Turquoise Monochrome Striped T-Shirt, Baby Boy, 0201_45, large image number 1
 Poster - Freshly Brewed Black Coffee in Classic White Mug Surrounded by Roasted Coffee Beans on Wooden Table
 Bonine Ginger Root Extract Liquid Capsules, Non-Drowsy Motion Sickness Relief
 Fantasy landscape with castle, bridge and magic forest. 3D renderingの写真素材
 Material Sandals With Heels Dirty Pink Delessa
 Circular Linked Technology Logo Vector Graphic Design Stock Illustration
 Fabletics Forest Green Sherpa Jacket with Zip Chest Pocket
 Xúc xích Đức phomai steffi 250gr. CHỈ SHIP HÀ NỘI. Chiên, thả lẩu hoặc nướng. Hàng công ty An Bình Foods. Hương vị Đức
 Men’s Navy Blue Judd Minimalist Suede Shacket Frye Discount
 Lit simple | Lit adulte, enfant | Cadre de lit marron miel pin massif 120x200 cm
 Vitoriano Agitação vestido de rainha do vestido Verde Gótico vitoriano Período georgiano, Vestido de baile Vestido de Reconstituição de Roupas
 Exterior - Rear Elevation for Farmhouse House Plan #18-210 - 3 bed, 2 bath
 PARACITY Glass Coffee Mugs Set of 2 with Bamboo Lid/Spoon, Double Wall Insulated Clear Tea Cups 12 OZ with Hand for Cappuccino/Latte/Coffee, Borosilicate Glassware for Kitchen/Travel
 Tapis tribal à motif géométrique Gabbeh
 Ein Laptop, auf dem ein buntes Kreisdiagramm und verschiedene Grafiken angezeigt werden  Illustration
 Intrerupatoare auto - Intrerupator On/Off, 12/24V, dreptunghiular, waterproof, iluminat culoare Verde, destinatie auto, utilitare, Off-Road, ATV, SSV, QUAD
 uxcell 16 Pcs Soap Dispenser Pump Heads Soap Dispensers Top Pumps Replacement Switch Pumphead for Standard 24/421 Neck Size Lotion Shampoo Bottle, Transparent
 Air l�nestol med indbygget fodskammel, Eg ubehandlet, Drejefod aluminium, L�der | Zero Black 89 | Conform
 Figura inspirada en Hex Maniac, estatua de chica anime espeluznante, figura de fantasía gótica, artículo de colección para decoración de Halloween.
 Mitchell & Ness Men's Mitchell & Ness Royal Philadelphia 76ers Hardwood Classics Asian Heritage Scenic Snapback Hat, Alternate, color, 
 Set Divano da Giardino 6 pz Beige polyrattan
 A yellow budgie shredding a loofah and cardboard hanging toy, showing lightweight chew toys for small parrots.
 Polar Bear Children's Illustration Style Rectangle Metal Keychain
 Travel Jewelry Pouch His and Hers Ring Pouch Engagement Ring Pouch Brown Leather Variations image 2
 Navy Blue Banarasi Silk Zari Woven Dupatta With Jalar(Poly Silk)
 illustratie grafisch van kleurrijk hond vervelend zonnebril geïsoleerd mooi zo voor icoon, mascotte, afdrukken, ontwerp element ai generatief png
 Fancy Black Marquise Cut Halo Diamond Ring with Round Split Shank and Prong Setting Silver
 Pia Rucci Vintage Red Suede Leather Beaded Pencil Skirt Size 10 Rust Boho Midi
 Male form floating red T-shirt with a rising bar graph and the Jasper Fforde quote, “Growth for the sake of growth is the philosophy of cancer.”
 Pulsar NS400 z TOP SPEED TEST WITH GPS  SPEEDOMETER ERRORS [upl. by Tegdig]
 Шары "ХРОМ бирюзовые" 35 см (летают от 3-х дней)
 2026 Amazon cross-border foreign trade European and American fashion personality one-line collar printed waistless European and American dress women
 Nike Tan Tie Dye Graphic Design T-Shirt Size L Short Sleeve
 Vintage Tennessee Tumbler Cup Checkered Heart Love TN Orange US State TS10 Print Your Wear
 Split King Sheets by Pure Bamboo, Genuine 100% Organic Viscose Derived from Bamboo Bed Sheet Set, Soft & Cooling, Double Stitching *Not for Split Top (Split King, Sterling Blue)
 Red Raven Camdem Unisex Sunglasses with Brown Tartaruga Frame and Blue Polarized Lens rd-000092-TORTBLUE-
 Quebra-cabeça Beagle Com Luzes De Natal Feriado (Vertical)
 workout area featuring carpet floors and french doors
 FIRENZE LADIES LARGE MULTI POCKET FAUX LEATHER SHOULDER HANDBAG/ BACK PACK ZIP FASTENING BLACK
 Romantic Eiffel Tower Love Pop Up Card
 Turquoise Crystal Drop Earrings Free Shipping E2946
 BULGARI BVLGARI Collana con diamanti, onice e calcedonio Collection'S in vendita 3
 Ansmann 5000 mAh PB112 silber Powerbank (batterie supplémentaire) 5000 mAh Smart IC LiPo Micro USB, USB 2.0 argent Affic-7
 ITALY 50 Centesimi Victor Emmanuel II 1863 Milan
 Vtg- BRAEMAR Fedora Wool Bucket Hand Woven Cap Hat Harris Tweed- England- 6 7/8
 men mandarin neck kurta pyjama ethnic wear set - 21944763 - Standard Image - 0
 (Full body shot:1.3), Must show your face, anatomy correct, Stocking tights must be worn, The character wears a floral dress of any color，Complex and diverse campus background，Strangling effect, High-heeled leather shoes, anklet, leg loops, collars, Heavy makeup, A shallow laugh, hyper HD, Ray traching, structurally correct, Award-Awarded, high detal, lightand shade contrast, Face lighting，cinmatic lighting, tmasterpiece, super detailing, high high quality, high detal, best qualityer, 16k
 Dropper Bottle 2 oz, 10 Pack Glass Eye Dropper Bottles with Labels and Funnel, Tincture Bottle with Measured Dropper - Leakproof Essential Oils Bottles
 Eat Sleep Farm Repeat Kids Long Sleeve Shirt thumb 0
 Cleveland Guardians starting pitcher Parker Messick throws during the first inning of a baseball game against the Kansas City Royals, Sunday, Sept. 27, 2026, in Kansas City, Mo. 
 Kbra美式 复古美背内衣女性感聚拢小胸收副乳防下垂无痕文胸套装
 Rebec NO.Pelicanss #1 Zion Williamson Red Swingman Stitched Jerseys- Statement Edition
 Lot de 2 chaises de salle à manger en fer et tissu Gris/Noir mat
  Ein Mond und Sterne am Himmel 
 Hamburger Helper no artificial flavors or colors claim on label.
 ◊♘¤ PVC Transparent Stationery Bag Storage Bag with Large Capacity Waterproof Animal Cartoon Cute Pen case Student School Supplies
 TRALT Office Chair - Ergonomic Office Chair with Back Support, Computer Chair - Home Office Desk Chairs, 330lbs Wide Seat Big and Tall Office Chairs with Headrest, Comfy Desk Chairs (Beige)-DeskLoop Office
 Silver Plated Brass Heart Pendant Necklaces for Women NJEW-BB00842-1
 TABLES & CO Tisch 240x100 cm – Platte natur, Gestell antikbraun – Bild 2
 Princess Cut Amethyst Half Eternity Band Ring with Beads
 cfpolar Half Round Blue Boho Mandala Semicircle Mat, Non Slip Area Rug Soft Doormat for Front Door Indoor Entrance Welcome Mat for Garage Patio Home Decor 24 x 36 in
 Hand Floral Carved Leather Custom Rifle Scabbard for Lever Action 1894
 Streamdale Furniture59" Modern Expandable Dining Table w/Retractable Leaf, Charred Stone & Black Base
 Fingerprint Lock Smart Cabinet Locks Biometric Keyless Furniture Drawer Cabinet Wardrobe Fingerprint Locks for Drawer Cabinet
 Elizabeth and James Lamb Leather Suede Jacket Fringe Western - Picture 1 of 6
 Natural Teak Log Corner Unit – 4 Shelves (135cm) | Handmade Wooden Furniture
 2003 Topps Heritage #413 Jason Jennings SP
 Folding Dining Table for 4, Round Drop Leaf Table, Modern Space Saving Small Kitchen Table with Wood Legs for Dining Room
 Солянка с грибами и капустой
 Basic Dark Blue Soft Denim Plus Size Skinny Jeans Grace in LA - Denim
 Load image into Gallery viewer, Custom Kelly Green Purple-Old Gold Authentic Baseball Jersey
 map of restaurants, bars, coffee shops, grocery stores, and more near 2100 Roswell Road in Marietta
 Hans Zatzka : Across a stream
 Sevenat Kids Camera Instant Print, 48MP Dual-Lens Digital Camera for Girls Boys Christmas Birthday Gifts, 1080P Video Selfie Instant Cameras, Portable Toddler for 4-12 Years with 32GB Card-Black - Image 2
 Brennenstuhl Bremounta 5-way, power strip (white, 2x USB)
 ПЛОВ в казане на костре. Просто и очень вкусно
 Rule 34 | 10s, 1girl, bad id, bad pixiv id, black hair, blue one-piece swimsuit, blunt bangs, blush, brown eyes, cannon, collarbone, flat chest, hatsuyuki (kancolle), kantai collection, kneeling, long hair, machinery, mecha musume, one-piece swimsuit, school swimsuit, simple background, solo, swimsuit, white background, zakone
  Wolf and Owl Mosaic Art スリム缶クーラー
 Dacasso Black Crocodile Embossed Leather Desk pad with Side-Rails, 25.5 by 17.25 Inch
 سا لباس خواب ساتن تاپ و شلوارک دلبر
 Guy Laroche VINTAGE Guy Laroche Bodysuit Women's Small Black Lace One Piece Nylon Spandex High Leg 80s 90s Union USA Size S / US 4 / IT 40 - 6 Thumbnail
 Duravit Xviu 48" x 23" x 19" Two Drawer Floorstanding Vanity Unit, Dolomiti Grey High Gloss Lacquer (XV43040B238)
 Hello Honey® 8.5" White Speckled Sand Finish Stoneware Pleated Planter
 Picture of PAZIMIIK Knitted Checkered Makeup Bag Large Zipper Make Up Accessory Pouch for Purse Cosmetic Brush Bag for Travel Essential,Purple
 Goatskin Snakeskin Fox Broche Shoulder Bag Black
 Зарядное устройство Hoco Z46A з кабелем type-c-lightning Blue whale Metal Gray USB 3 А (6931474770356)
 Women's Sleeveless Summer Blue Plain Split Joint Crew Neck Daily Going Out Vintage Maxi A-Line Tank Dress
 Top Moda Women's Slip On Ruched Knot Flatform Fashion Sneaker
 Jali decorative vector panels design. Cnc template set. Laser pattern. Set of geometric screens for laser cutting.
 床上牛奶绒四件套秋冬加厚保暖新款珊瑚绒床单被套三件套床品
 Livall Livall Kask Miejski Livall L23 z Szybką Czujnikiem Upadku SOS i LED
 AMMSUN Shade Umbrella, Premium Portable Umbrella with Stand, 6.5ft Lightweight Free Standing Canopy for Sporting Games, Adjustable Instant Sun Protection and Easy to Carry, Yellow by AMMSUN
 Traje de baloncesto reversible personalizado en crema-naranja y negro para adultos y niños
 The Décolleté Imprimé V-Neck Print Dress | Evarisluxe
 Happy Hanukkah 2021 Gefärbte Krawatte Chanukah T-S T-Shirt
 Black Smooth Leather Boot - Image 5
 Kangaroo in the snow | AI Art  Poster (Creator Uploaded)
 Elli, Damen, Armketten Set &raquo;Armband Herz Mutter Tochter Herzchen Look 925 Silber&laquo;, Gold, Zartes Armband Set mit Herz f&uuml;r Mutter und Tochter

- **Activity**
One number should be returned: how many lines in the records contain the word "Graphic".

- **Answer**
2